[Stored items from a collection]
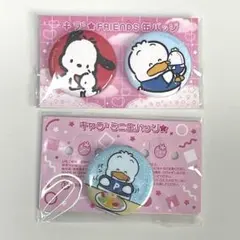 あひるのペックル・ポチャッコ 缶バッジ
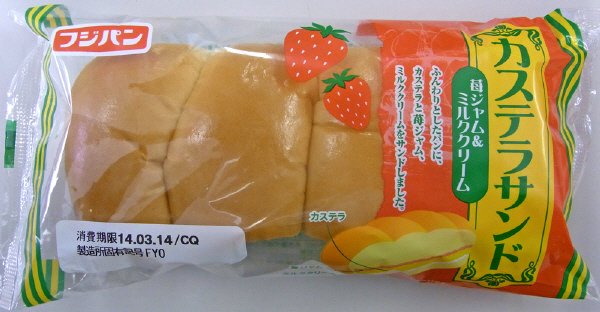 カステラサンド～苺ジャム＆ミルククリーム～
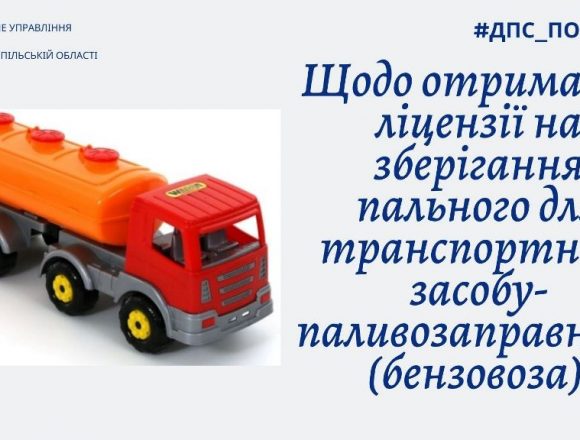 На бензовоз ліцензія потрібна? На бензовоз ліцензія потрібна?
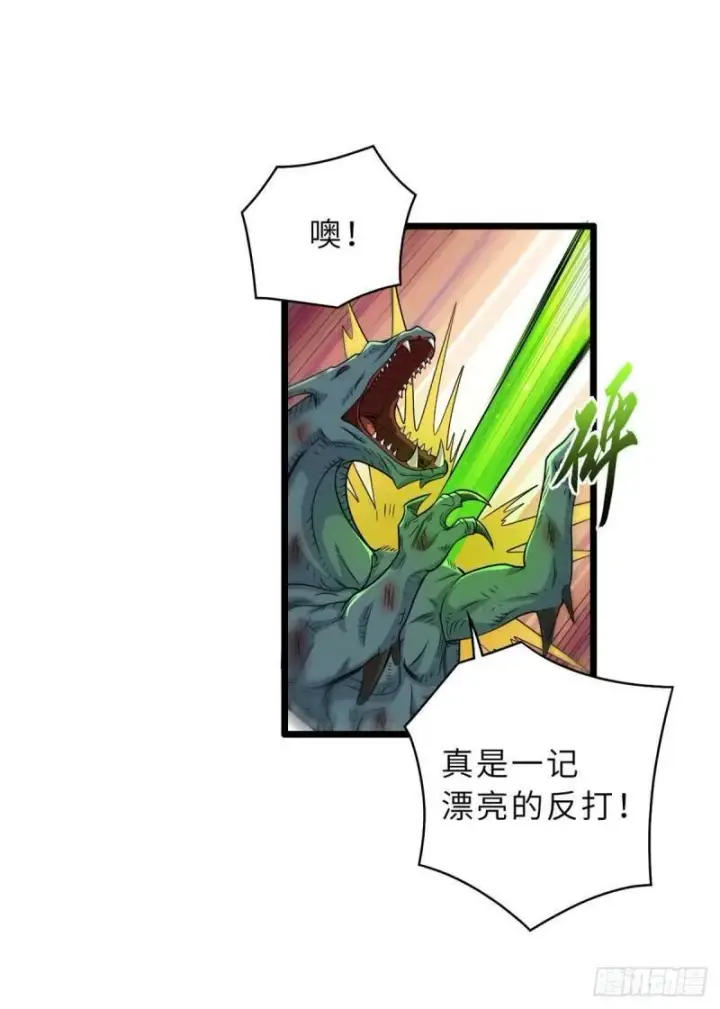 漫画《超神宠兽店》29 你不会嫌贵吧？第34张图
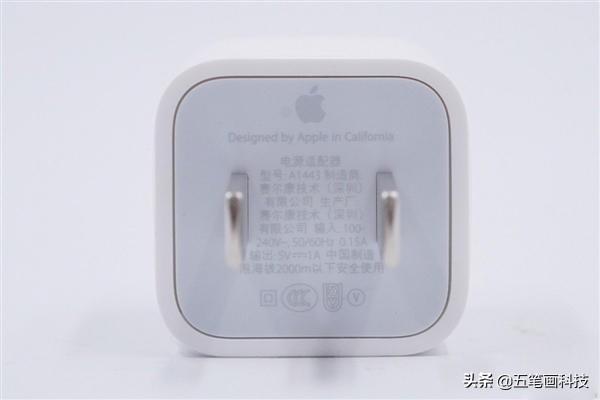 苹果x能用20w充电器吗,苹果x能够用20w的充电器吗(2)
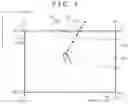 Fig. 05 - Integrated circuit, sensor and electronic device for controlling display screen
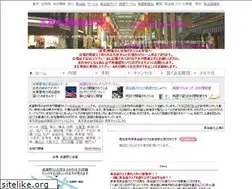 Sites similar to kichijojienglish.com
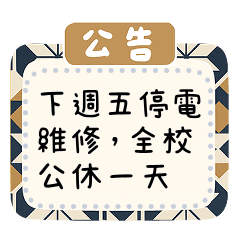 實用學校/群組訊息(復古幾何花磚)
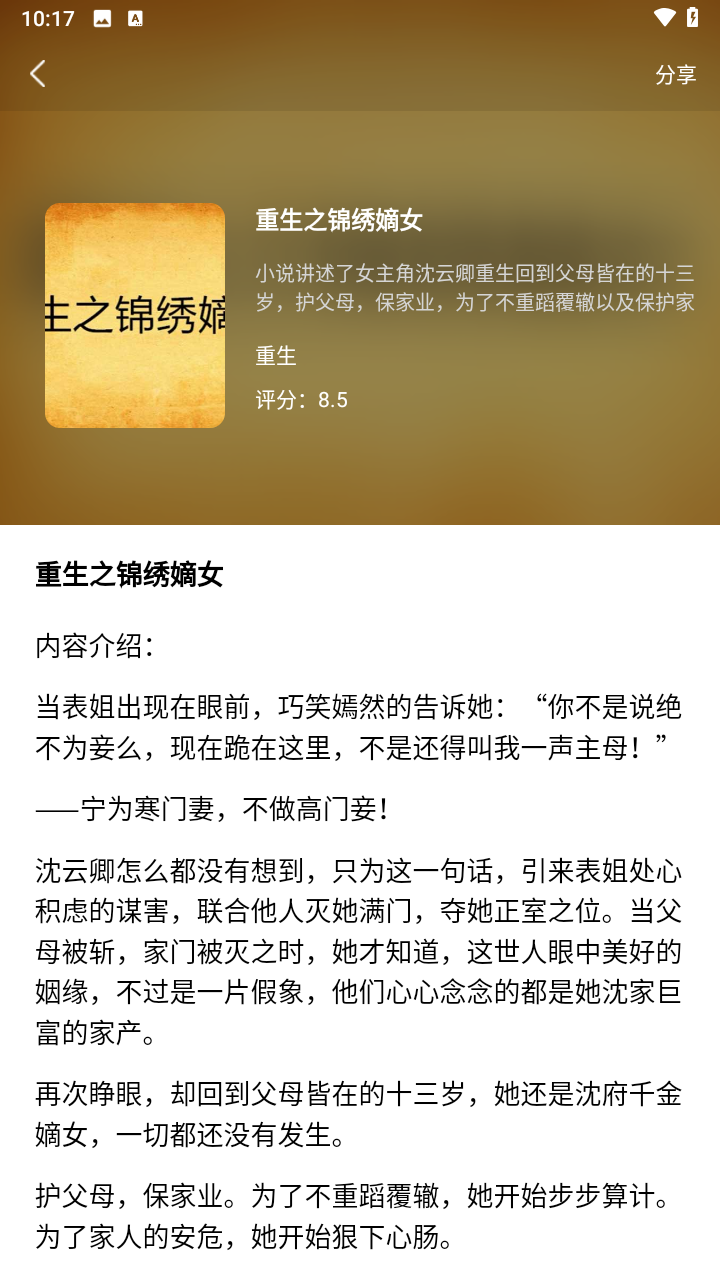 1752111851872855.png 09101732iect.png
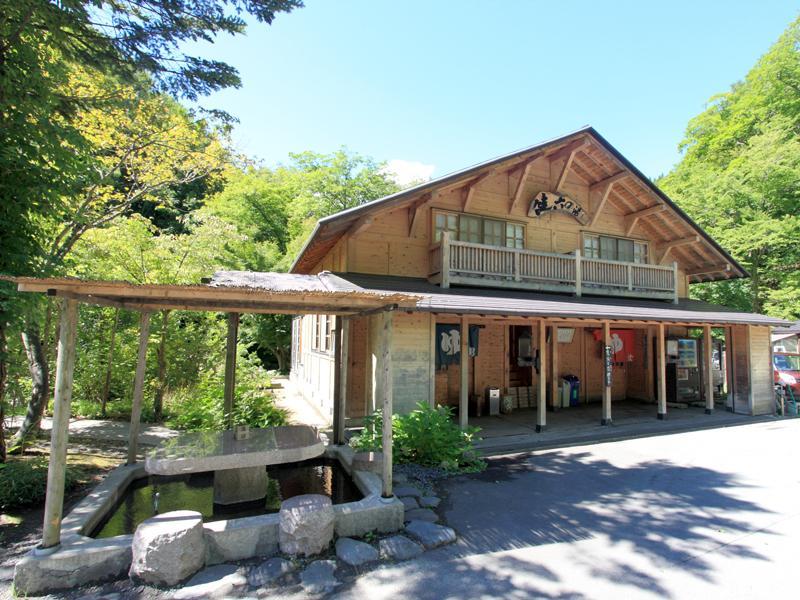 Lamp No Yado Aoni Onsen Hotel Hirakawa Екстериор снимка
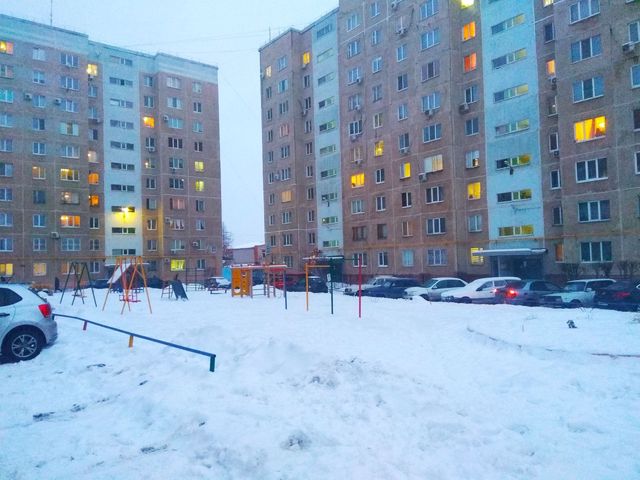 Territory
* * *
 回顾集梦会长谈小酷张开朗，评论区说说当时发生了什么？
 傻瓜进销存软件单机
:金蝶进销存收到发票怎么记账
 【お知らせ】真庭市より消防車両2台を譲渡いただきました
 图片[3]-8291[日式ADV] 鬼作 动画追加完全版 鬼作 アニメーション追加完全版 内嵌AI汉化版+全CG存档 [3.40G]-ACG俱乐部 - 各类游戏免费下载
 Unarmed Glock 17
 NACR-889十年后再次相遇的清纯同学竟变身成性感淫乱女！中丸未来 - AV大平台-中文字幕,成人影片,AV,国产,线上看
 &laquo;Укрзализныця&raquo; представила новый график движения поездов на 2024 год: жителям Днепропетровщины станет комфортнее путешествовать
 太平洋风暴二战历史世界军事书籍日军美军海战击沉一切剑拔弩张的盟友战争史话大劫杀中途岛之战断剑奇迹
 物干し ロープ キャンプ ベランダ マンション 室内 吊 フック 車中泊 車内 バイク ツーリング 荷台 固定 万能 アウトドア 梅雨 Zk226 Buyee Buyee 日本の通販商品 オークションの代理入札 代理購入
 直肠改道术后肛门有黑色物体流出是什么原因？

§ **What the exercise asks**: Given the records above, reproduce precisely and only the lines between the line holding "物干し ロープ キャンプ" and the line holding "直肠改道术后肛门有黑色物体流出是什么原因？", inclusive.

§ **Expected answer**:
 物干し ロープ キャンプ ベランダ マンション 室内 吊 フック 車中泊 車内 バイク ツーリング 荷台 固定 万能 アウトドア 梅雨 Zk226 Buyee Buyee 日本の通販商品 オークションの代理入札 代理購入
 直肠改道术后肛门有黑色物体流出是什么原因？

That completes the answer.